* _DATA FOR THIS EXERCISE_:
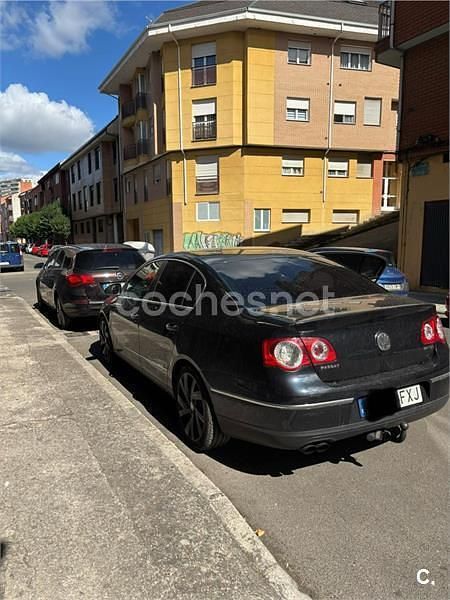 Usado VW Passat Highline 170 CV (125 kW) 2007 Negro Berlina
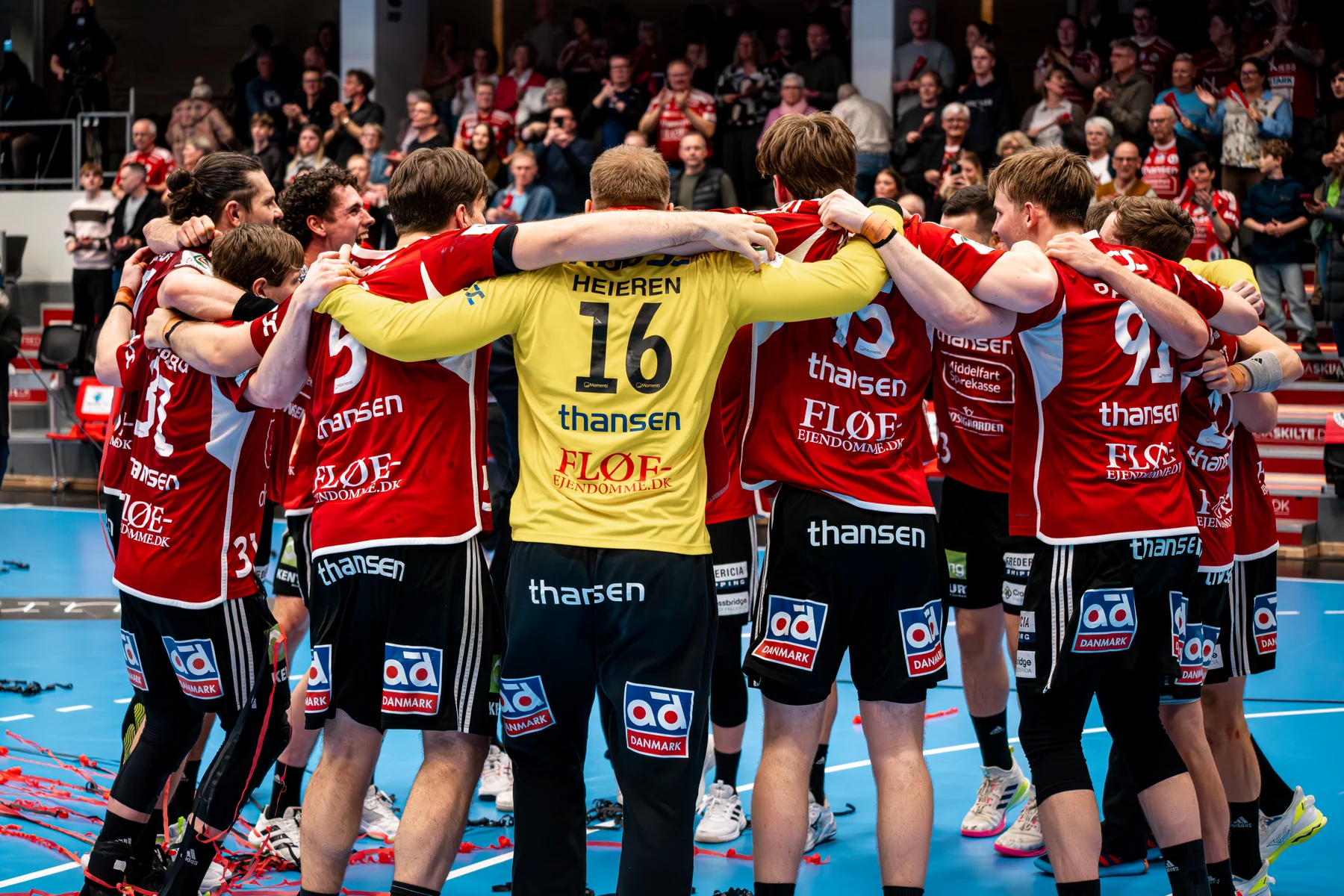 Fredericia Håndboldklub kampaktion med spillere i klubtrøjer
---
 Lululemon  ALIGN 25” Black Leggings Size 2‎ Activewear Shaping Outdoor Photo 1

* _WHAT IS REQUIRED_:
From the listing above, please give again the lines that begin with the line holding "Usado VW Passat" and go on through the line holding "Fredericia Håndboldklub kampaktion", exactly, both ends included, minus any picture.

* _COMPLETED EXERCISE_:
 Usado VW Passat Highline 170 CV (125 kW) 2007 Negro Berlina
 Fredericia Håndboldklub kampaktion med spillere i klubtrøjer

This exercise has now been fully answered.